Two covers of The Sun-Herald newspaper from Sunday 6 April 1975 on display in the 1975: Living in the Seventies exhibition.

Two covers of The Sun-Herald newspaper from Sunday 6 April 1975 on display in the 1975: Living in the Seventies exhibition.

The Vietnam War

The Vietnam War started in 1955 and was an armed conflict fought between North Vietnam and South Vietnam and their respective allies. It was a major proxy war in which both the Soviet Union and China supported North Vietnam, while the United States and its non-Communist allies like Australia supported South Vietnam. The fighting spilled over into the Laotian and Cambodian Civil Wars which ended with all 3 countries becoming Communist in 1975. Children from Cambodia and Laos were also taken to Western countries for adoption due to this conflict. 

Elaine Moir

During the 1960s, Moir worked in Saigon as a photojournalist for Everybody’s magazine which advertised her as ‘our girl in the war zone’. She saw Saigon’s orphanages and the children in them, many of whom had been fathered by Australian and American soldiers. In 1972, after she had gotten the 5 Vietnamese girls to Australia, she told the Women’s Weekly:

I didn't want to embarrass the Australian government. I didn't consider I was breaking the law. I am a law-abiding person but I had no alternative. I wanted to get the children to Australia, to be able to say, 'Here they are, do something!'

Elaine Moir in 'OUT OF THE STORM', The Australian Women's Weekly, 21 June 1972, nla.gov.au/nla.news-article51191044

Operation Babylift

In April 1975, when Saigon was close to falling, the Royal Australian Air Force flew Australian citizens and foreign nationals out of Vietnam. This included working with the Americans as part of Operation Babylift. Moir kept the Saigon Post newspaper from 4 April 1975 and wrote a note saying that it was ‘the day we left Saigon on Babylift’. 

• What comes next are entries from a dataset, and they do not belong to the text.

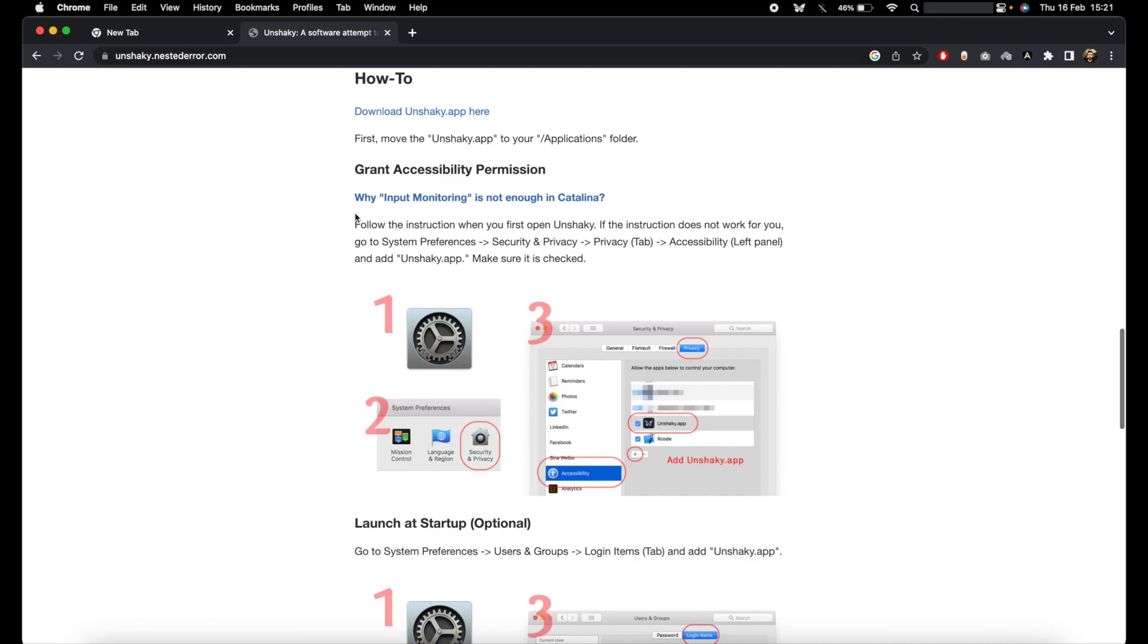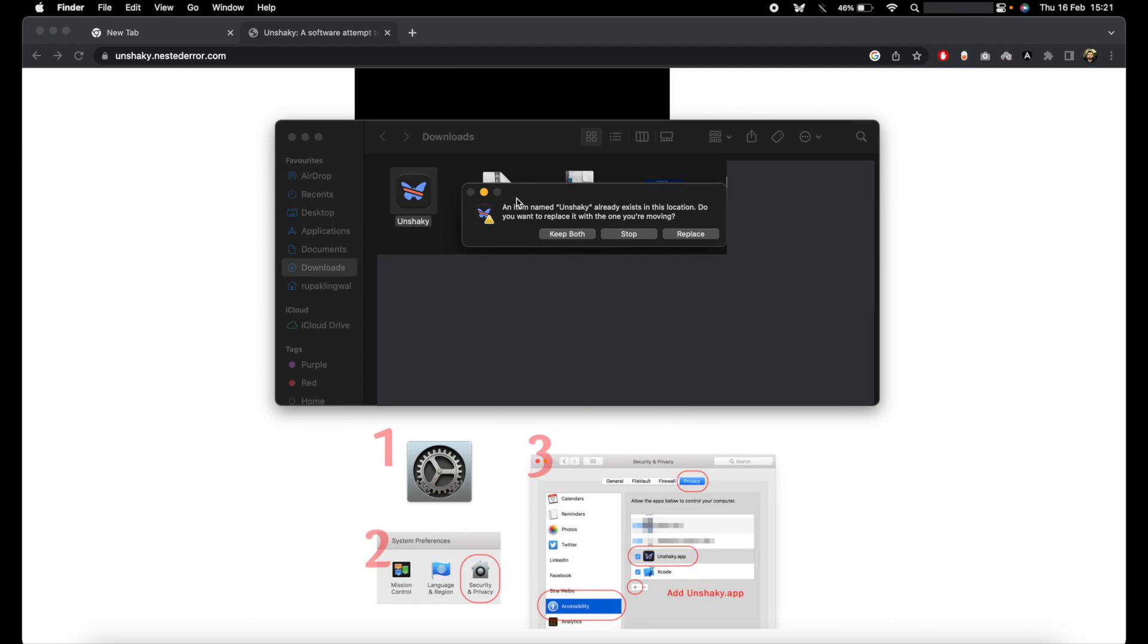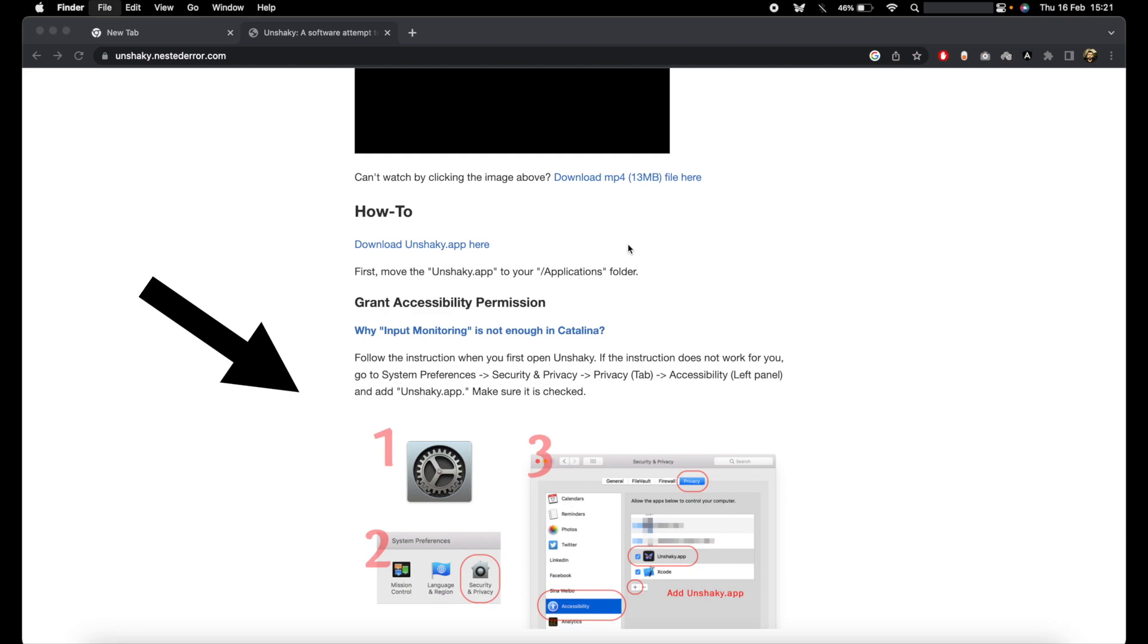to the download section and download Unshaky.app. Once it's downloaded, just unzip it and drag the application onto your Applications folder. I already have it installed, so I'm going to copy it again. First time it'll ask for accessibility permission, so just grant them in Settings, Security and Privacy, as shown here. Once it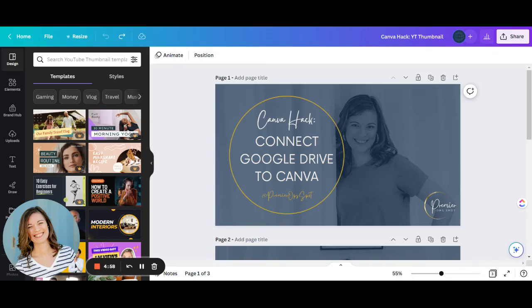Hello, this is Cassie at the Premiere AppSpot, and today I'm going to show you how to connect your Google Drive to Canva, which will save you a lot of time having to download images out of your Google Drive and upload them into Canva to add them to a design.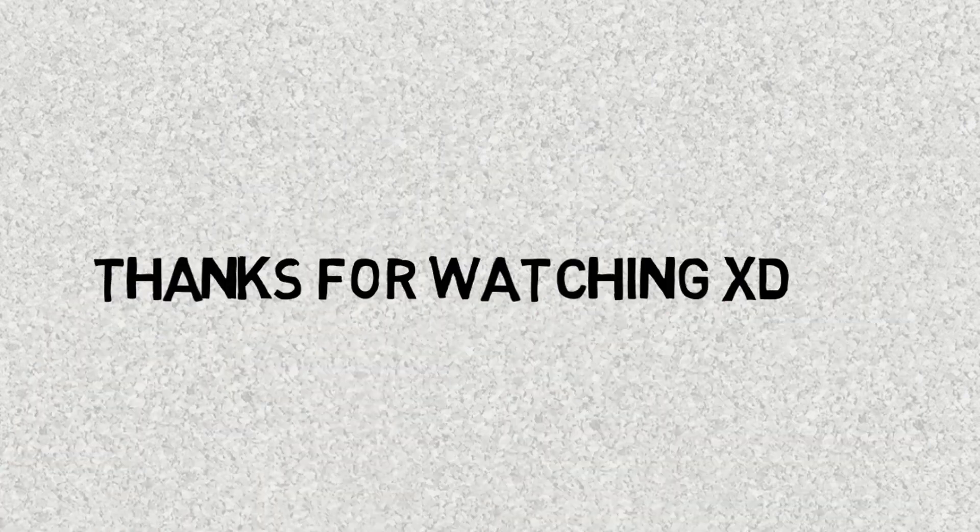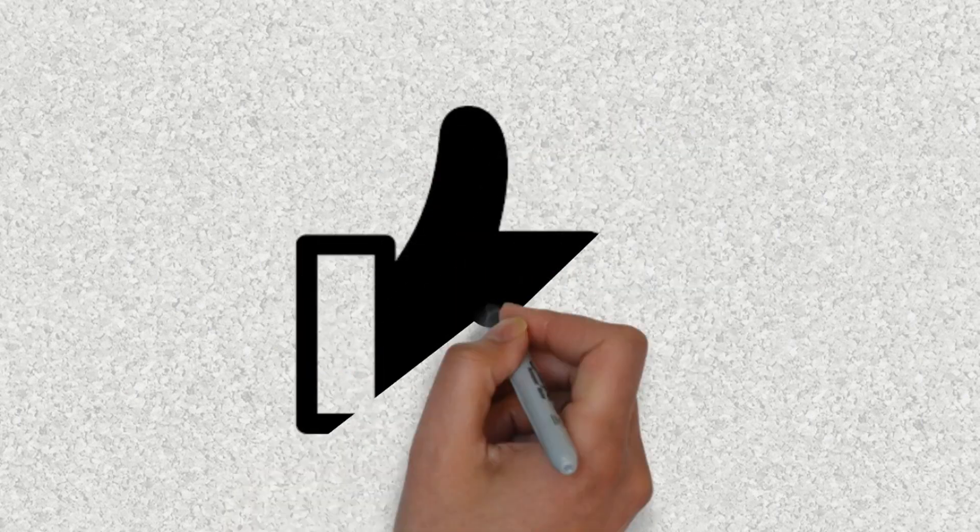But the moral of the story, choose your friends wisely. That's all I gotta say. This is my first video, thanks for watching, peace.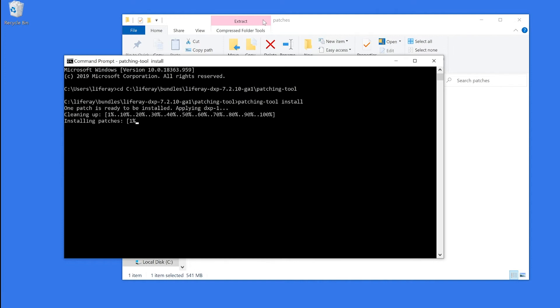It's also important to make sure that you are not running Liferay while this is happening. This process will take a few minutes, so I'm going to go ahead and speed up the video.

Black and white front page of The Saigon Post from Friday 4 April 1975 featuring several printed articles.

Front page of The Saigon Post from 4 April 1975, Saigon: Bùi Diễm, Papers of Elaine Moir, nla.cat-vn6159065

Front page of The Saigon Post from 4 April 1975, Saigon: Bùi Diễm, Papers of Elaine Moir, nla.cat-vn6159065

The first Babylift flight, an RAAF C-130 carrying 87 babies, landed safely in Bangkok. The next plane bound for the United States, a C-5A Galaxy, had 330 passengers including orphans, aircrew, doctors and nurses. It crashed 12 minutes after take-off, killing 154 babies and volunteers, including 2 Australians: Margaret Moses and Lee Makk.  

The third flight to leave Saigon that day was an RAAF Hercules A97-190 carrying 107 babies. It arrived in Bangkok safely, before continuing on to Australia on a QANTAS 747. A fourth Operation Babylift flight left on 17 April, carrying 77 children to Bangkok, before they too were taken to Australia on a QANTAS 747. 

The children transported from Vietnam as well as Cambodia and Laos in the 1970s were given to Australian families that were already approved for overseas adoptions.  

After the war

Moir slipped from public view after the 1970s, though she continued to campaign for Vietnamese children impacted by the war and the continuing effects of the chemicals used during the conflict.